Understanding the Problem
In this problem, we are given a directed graph represented as an adjacency list. Our goal is to find all the eventual safe states.
An eventual safe state is a node from which any possible path will always lead to a terminal node (a node with no outgoing edges) and never enter a cycle. If a node can reach a cycle, it is not considered safe.
This means we must find all nodes that do not participate in or lead to a cycle in any way.
Step-by-Step Solution with Example
Step 1: Understand the graph structure
Let’s consider the example: graph = [[1,2],[2,3],[5],[0],[5],[],[]]
Each index represents a node, and the array at each index lists the nodes it points to. For instance, node 0 points to nodes 1 and 2.
Step 2: Reverse the graph
To track which nodes lead to which, we build a reversed graph. In the reversed graph, for every edge u → v in the original graph, we add an edge v → u.
This helps us track who depends on which node, making it easier to determine when a node becomes safe.
Step 3: Track out-degrees
We maintain an array where outdegree[i] stores the number of outgoing edges from node i in the original graph.
Terminal nodes (with no outgoing edges) will have outdegree 0. These are our starting point — they are trivially safe.
Step 4: Use a queue to process safe nodes
We put all terminal nodes in a queue and process them one by one.
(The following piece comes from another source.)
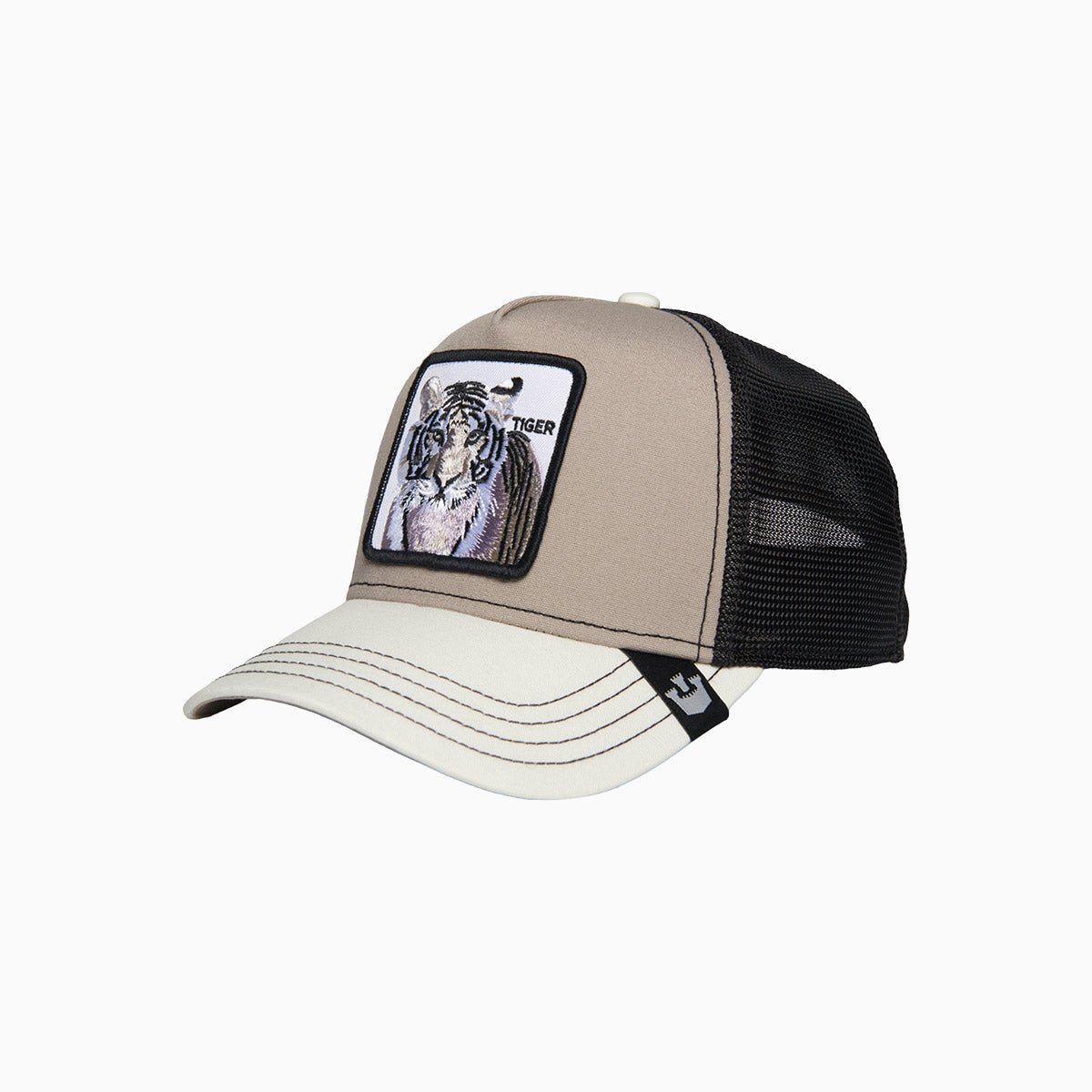 goorin-bros-The-MV-Stripes-Trucker-Hat-101-1123-gry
For each node removed from the queue, we go through its parents in the reversed graph and reduce their out-degree by 1.
If a parent’s out-degree becomes 0, it also becomes safe, so we add it to the queue.
Step 5: Collect and sort safe nodes
All nodes whose out-degree becomes 0 during this process are eventually safe. We collect them, sort them, and return them as the final answer.
Edge Cases
- Empty graph: If the input graph has no nodes, the result should be an empty list.
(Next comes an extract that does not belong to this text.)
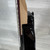 Used Jackson JS1X Randy Rhoads Minion Electric Guitar - Metallic Blue Burst 40112-S000183795 View 11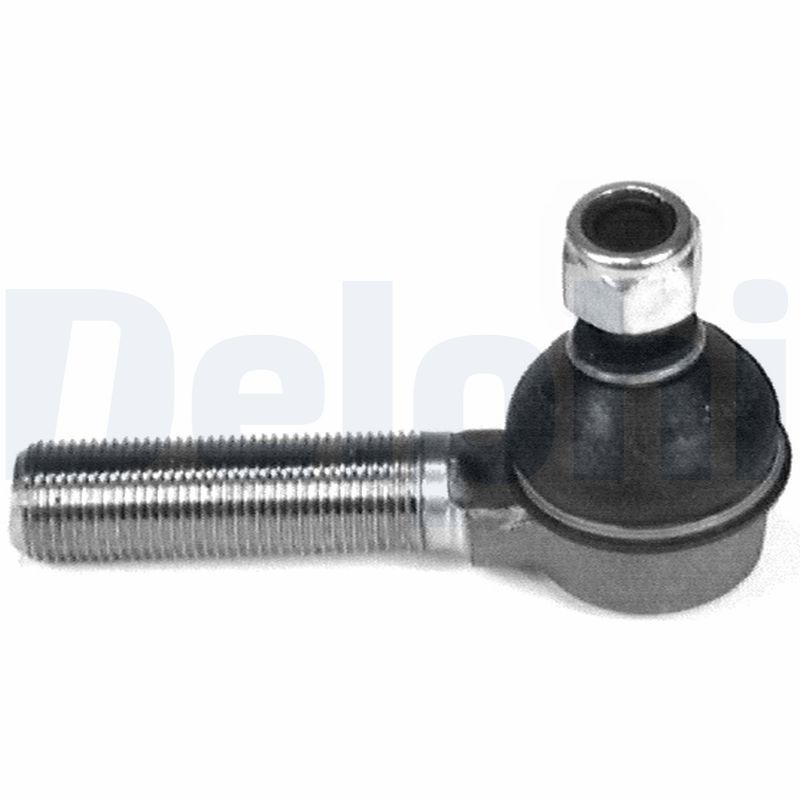 DELPHI TA839 Tie Rod End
- All terminal nodes: If every node has no outgoing edges, all are safe.
- All nodes in a cycle: If every node is part of a cycle, no node is safe.
- Disconnected components: The algorithm handles each component independently. Safe nodes from different components are still detected correctly.
Finally
This problem is best understood by thinking in reverse: instead of finding which nodes can reach terminal states, we ask which nodes can be reached from terminal states without forming a cycle.
By reversing the graph and tracking out-degrees, we simulate a safe-state propagation, slowly marking each node safe once all its paths are known to be safe. This approach ensures an intuitive and efficient solution suitable even for large graphs.